Department for International Trade: Trade Agreements: Israel. 216929

To ask the Secretary of State for International Trade, if he will place in the Library a copy of the draft UK-Israel agreement that has been agreed in principle for trading arrangements after the UK leaves the EU.

A Answered by: George Hollingbery (Conservative) Answered on: 08 February 2019

The UK and Israel have a strong and important trading relationship. However, we do not recognise the Occupied Palestinian Territories (OPTs), including the settlements, as part of Israel. The OPTs are not covered by the current EU-Israel Association Agreement, nor by the Continuity Agreement agreed in principle between the UK and Israel.

We are also working to finalise the transition of the current EU Interim Association Agreement with the Palestinian Authority.

We have committed to informing Parliament as soon as agreements are signed with partner countries. The agreement will be laid in Parliament and we will be publishing a full report on trade agreements, once they are signed.

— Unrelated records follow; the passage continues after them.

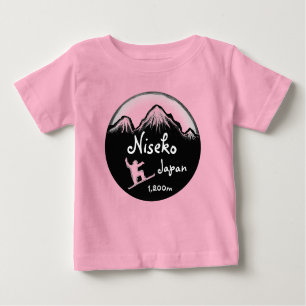 Camiseta De Bebé Niseko Japan baby white snowboard conjunto de arte
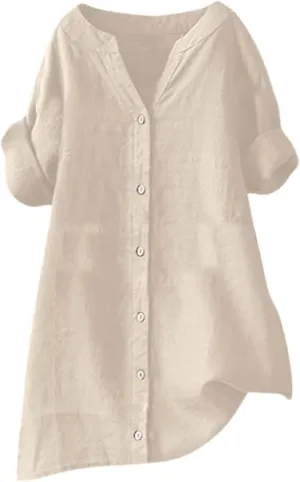 Linen Shirts for Women 2025 Button Down Shirt 3/4 Sleeve Tops V Neck Loose Fit Blouses Casual Summer Tunic Top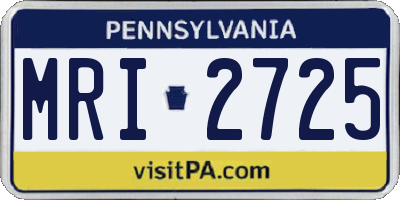 PA license plate MRI2725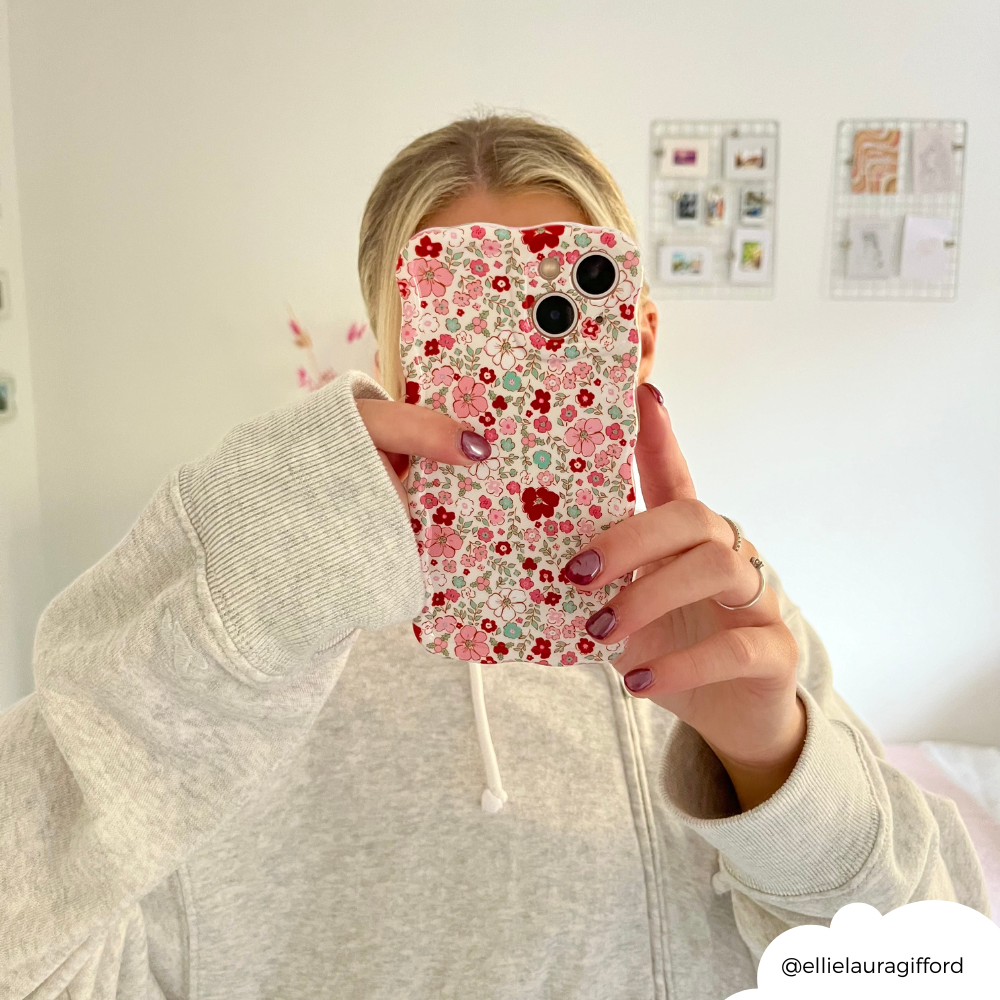 Dalgalı Telefon Kılıfı - Sevimli Çiçekler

Q Asked by Richard Burden: (Labour, Birmingham, Northfield)[N] on: 05 February 2019

Department for International Trade: Trade Agreements: Israel. 216930

To ask the Secretary of State for International Trade, whether the trade deal agreed in principle between the UK and Israel for trade after the UK leaves the EU announced on 23 January 2019 will continue to distinguish in relevant dealings between the territory of the State of Israel and the territories occupied since 1967.

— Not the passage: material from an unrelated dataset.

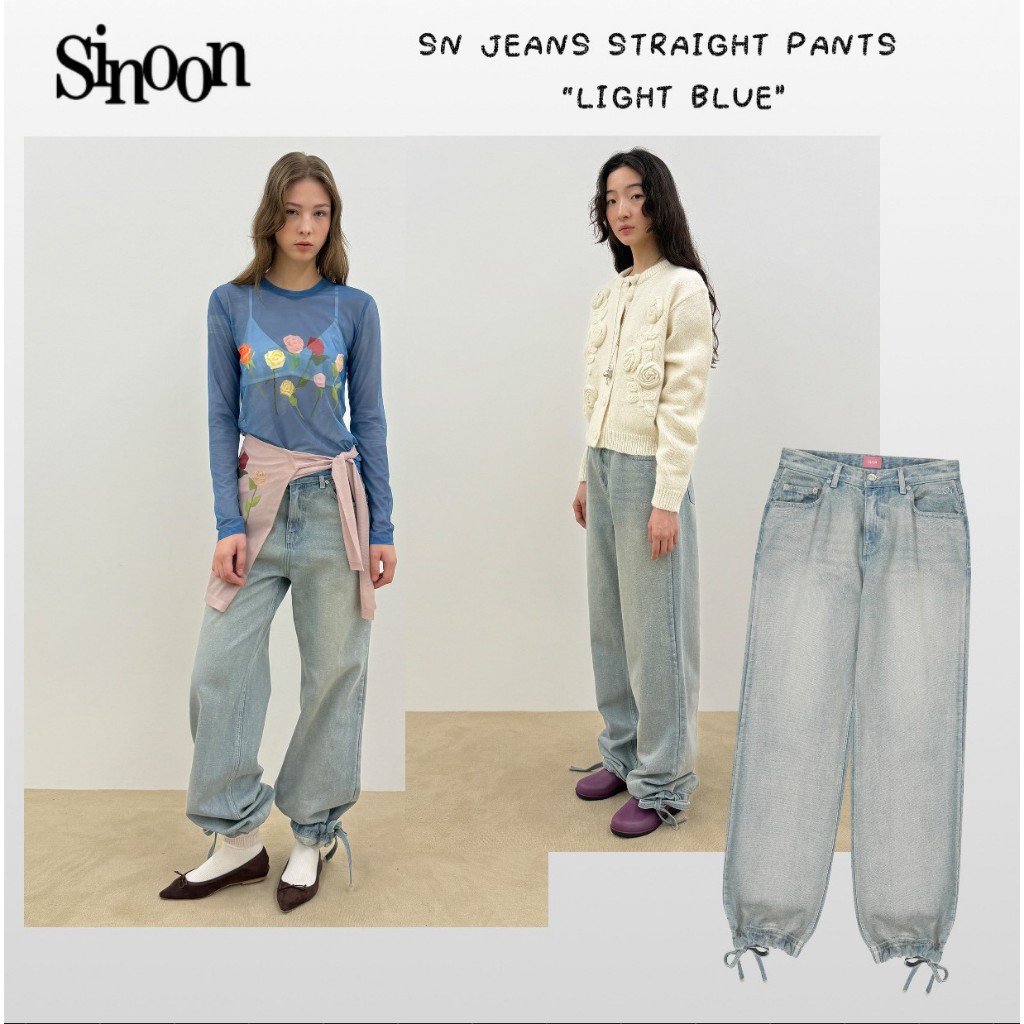 [SINOON]SN JEANS STRAIGHT PANTS - LIGHT BLUE (115-SN-JN03)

A Answered by: George Hollingbery (Conservative) on 08 February 2019

The UK and Israel have a strong and important trading relationship. However, we do not recognise the Occupied Palestinian Territories (OPTs), including the settlements, as part of Israel. The OPTs are not covered by the current EU-Israel Association Agreement, nor by the Continuity Agreement agreed in principle between the UK and Israel.

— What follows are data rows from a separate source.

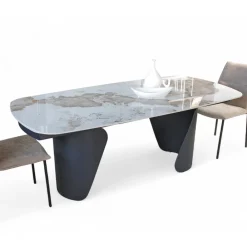 Viadurini Living Ausziehbare Esstische-Ausziehbarer Tisch 300 cm aus Metall und gesinterter Steinplatte - Taviria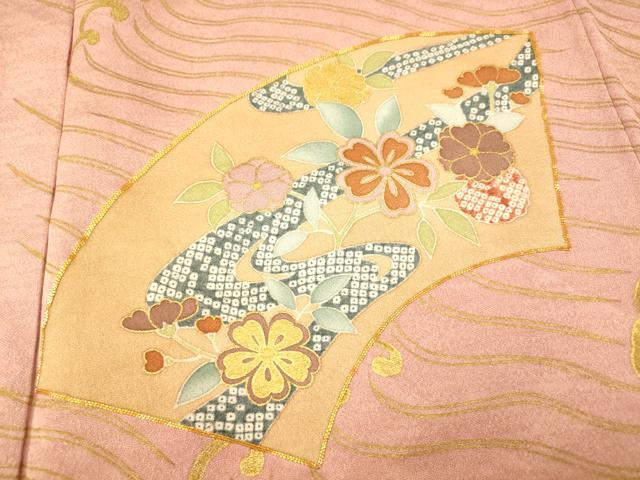 平和屋着物■訪問着 駒刺繍 地紙枝花文 金彩 正絹 逸品 AABG6020fw
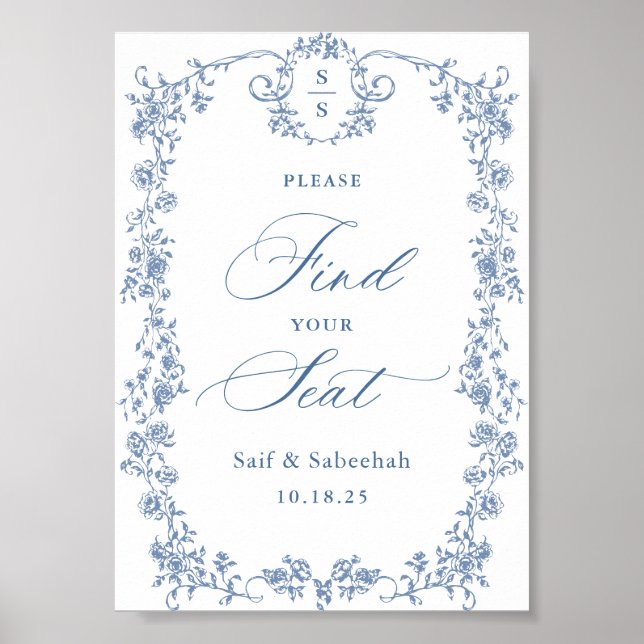 Póster Blue Ornate Victorian Grace Find Your Seat Sign (Frente)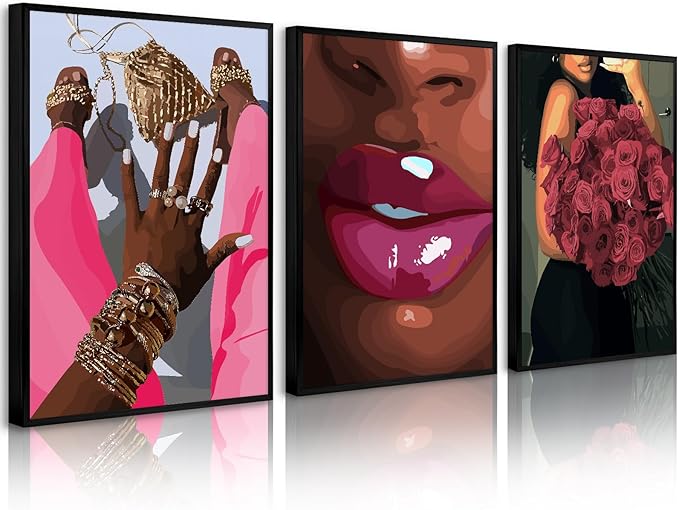 Black Girl Wall Art African Woman Canvas Wall Decor Pink Black Women People Art by Unknown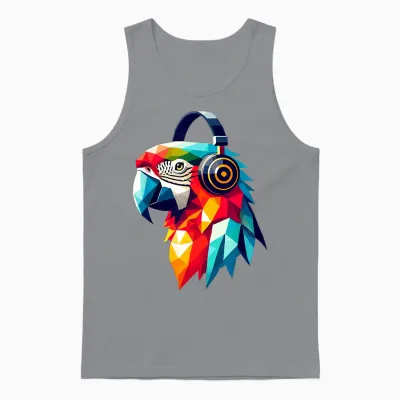 Bunter Tropischer Polygon Papagei Mit Kopfhörern Musik Kunst Unisex Tank Top - Sport Grey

We are also working to finalise the transition of the current EU Interim Association Agreement with the Palestinian Authority.

We have committed to informing Parliament as soon as agreements are signed with partner countries. The agreement will be laid in Parliament and we will be publishing a full report on trade agreements, once they are

Q Asked by Dr Matthew Offord: (Conservative, Hendon) on: 04 February 2019

Department for International Development: Occupied Territories: Economic Situation. 216233

To ask the Secretary of State for International Development, what steps her Department is taking to develop long-term economic sustainability in the Occupied Palestinian Territories.

A Answered by: Alistair Burt (Conservative) Answered on 11 February 2019

We have scaled up our work on economic development across the West Bank and Gaza. We are providing up to £38 million over five years (2018-2023) to help tackle the problems of low growth and high unemployment in the Occupied Palestinian Territories (OPTs).

Our support will focus on efforts to increase trade and job creation by working with the Palestinian and Israeli authorities to enable greater movement and access for people and goods, and improve water and energy supply, particularly in Gaza. We will also continue to support the implementation of Paris Protocol measures in relation to the transfer of taxes and fees Israel collects on behalf of the Palestinian Authority (PA), and any measures agreed by the parties to transfer the responsibility of revenue collection. Our support in these areas will help thousands of Palestinians in their daily lives, support the financial sustainability of the PA and contribute to preserving the viability of the two-state solution.